As I am not a native speaker I was happy that Richard Frawley from down-under helped me with a re-editing (let's be honest : it was a re-translation) to get rid of my soddy English. Thanks a bunch, Richard.

The main reason for the demand for this article lies with the poor documentation, which leaves the owner of newly acquired variometers more or less alone.



I have built variometers and flight computers for myself since 1973. In recent times I had my own computer tied up to a PNI compass, and my goal was to tweak it to give me a fast and accurate wind indication. Yet, besides the job my time was limited as were my abilities and possibilities to create complex PCBs, and so I did not fully succeed.

When the Butterfly gang first presented their vario at the Deutscher Segelfliegertag in Darmstadt in 2012 (German Soaring Convention), it dawned to me immediately, that they had built the sensor platform I was striving for since years, without success. And so I placed my order right away.
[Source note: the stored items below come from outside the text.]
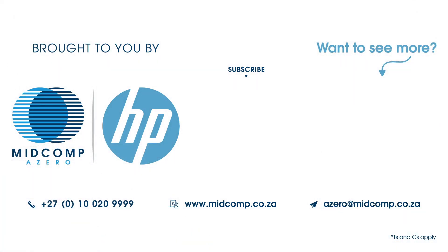Would you like to see more or book a demo? Contact us today.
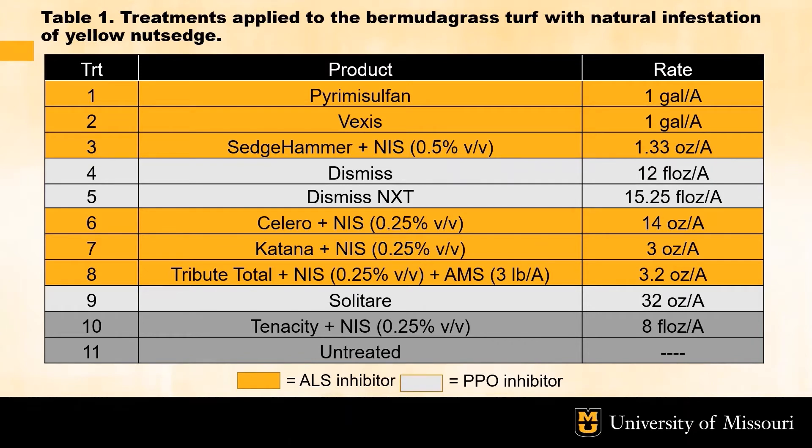This displays the treatment list for our field study. As you can see it consists of 11 treatments including control. Six of the treatments highlighted in gold are ALS inhibitors: primsulfuron by itself, Vexis being the combination of primsulfuron and panoxilum, Sedge Hammer, Solero, Katana, and Tributotal. Three of the treatments are PPO inhibitors displayed in gray: Dismiss, Dismiss NXT, and Solitaire. Tenacity however is an exception and an unfair comparison in this treatment list because it is not labeled for warm season turf, but we kept it in for comparison against similar studies we performed on cool season turf.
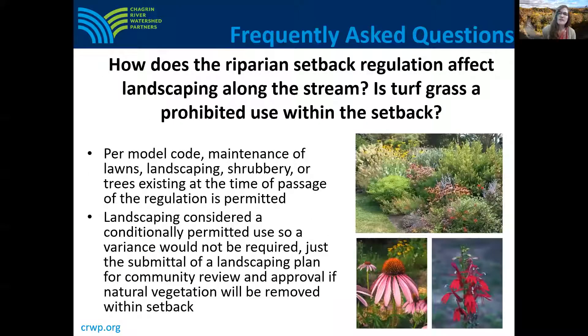Another question we often receive is: how does the riparian setback regulation affect landscaping along the stream? Is turf grass a prohibited use within the setback? Based on CRWP's model code, maintenance of lawns, landscaping, shrubbery, or trees existing at the time of passage of that regulation would be permitted. Landscaping is considered a conditionally permitted use, so a variance would not be required — just the submittal of a landscaping plan for community review and approval if natural vegetation will be removed within the setback.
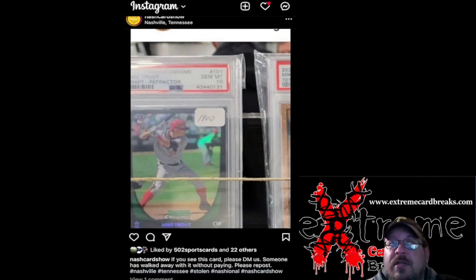Nashville card show is asking — if you see this card, please DM them. They are on Instagram, that's where I pulled this from. I just want to give a little help because I know a lot of people from the area — Indiana, Kentucky — a lot of you guys might even travel to the Nashville card show. Give them a little help and see if we can help find this card. Alright everybody, take care, have a good one, catch you guys next video.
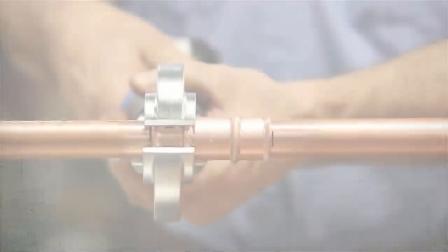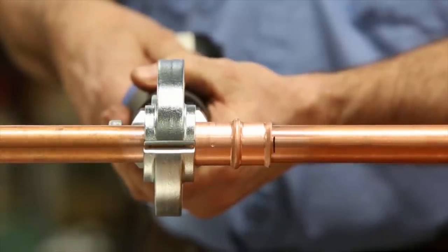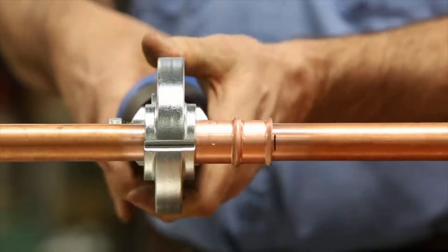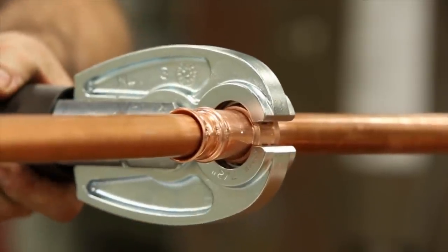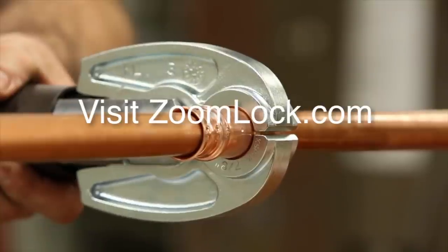Meet ZoomLock — the 10-second flame-free refrigerant fitting from Parker. Reduce labor costs by 60 percent with no brazing, no flame, and no fire spotter. Discover how ZoomLock can help you be more efficient and productive — visit zoomlock.com for more information.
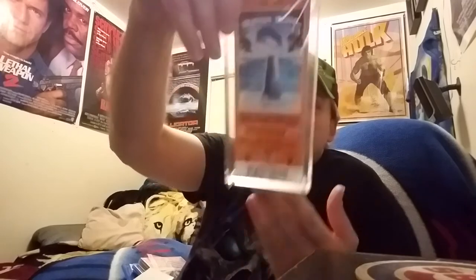Super Bowl 41 — awesome! What was the score, we lost by — 29 to 17 or something man? Anyway, this is sweet, this is so freaking cool dude! Oh man, thank you so much for this awesome sports collectible.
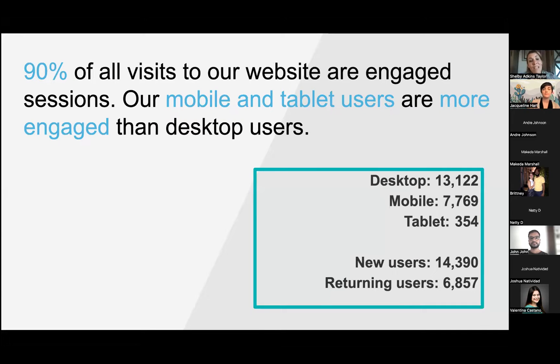One of my favorite stats: 90 percent of all visitors to our website are engaged users. We're defining an engaged user as someone who is on the website in the foreground for more than 10 seconds, or someone who has visited more than two pages, or has triggered some sort of predetermined conversion event.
The really new assets of this vario are the turn and acceleration sensors in all axes. Derived sensor values are combined in a complex algorithm to make up a quasi inertial platform. The algorithm is based on Kalman filtering. For those who are interrested, Kalman was a Hungarian mathematician who devised these numerical methods in the 1950-ies. As far as I know they are part of all inertial navigation systems. Now, Stefan Leutenegger and Sam Gisiger adapted them, in cooperation with Butterfly, for what in Butterfly jargon is called "AHRS", an inertial platform to derive athmospheric data (lateral wind, vertical movement).
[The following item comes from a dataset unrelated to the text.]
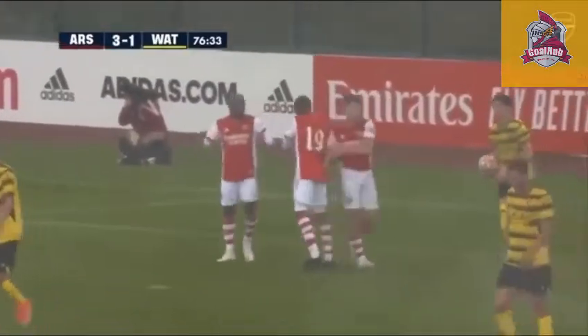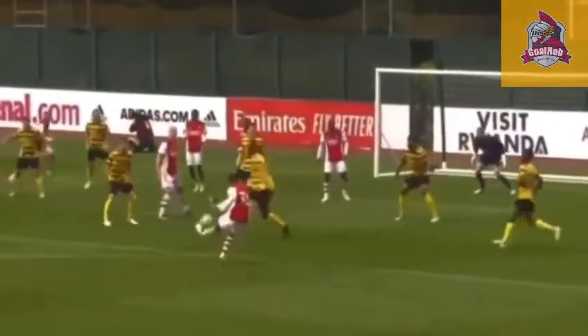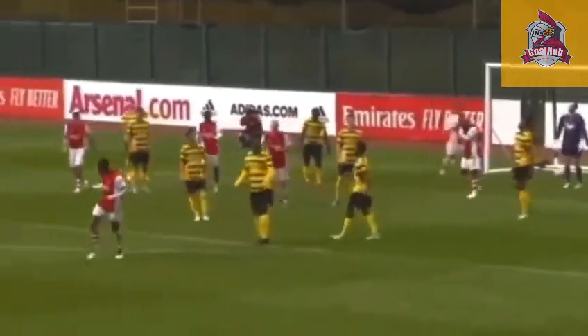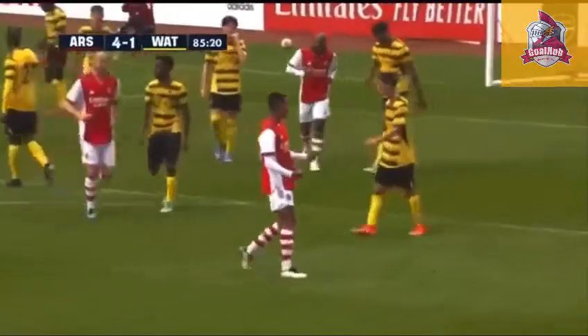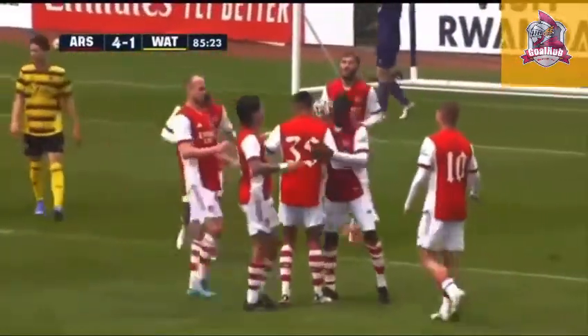We might have been a little unsighted with the rain on the camera — very, very busy, you can't see. He's looking to curl one, finds the corner. How about that from the youngster? Just 18, doesn't turn 19 until September.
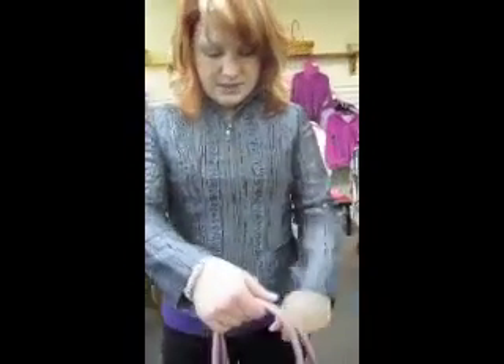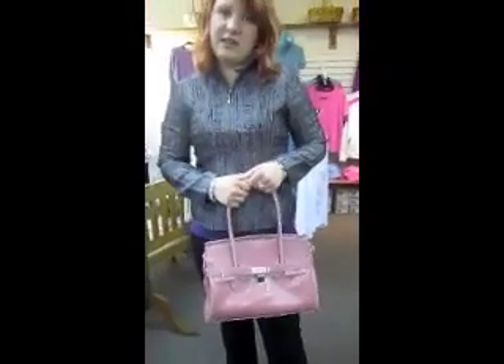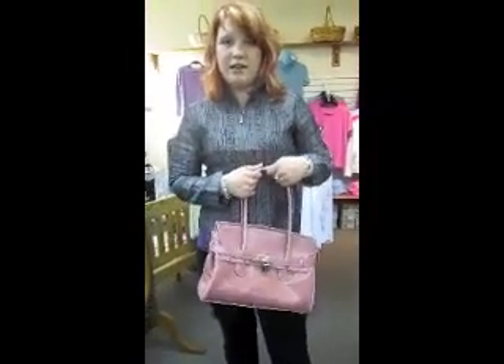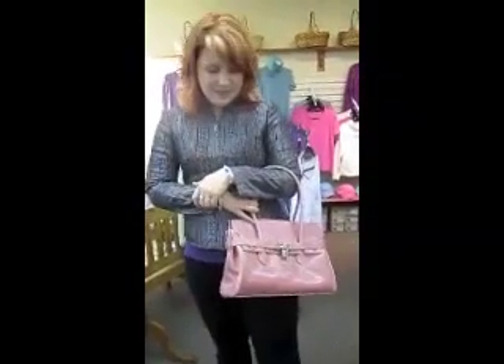It lands right under your elbows, around the arms. Very cute. And then I have a very classic purse with it today — a pink color, a little darker. It suits you. Thank you.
Back to my order: Like everybody else I had to wait for, as I felt, ages to receive the product, and then to be completely disappointed by what I got - or got not. Many of the features from the papers did not work : No automatic climb-cruise-switching, no usable SC-signal or audio, no usable wind, etc, etc. Beforehand I used a CAI 302, as my measure to judge the Butterfly by and it failed by far.

So, through the complaints, I got in touch with the Butterfly people. Many of the problems I encountered in the Butterfly seemed to be old acquaintances of mine, pretty well remembered from my own years of experience in vario and flight computer construction attempts. And I dared to utter a hint or two.

From the first reluctance to accept unsolicited advice, now after four years, the relation between the Butterflys and me has changed so that they take advantage of my experience and solid hints. I have proudly acquired the status of an alpha-plus to beta tester :-)

I hope Marc Förderer is happy with my presentation of this modest influence I take on the ongoing Butterfly development.

Now two years hence, with the emerging version 1.1 of the SW, IMHO the variometers is pretty fully fledged. My list of requirements and improvements is finite and cleared with Marc, and I know more or less with what priority what will when be added to the SW.

But most importantly, as it is now with V1.1, the vario works perfectly, better than the CAI 302 which was my measure of things in this realm. The wind indication has a swiftness and accuracy not known in any other device. It is exactly the way I wanted it for 20 some years.

The wind indication is so fast, that any Butterfly newcomer falls in doubt if that indication could be really true. But, according to my experience and after all my own doubts have evaporated, I can assure you the indications are correct, even when at a given moment they seem to be implausible. Concerning wind measurement, the Butterfly is from a different world. If we deem an indication implausible, this is due to the fact that until now we never saw such a fast indication, and we had a too simplified model of the wind field around us. Wind is by far not as homogeneous an air movement as we all thought.

The only remaining itch I have is the SC and the SC indication. There is a lot of potential for improvement here, but I also know from Marc, that this is the topmost item on the list.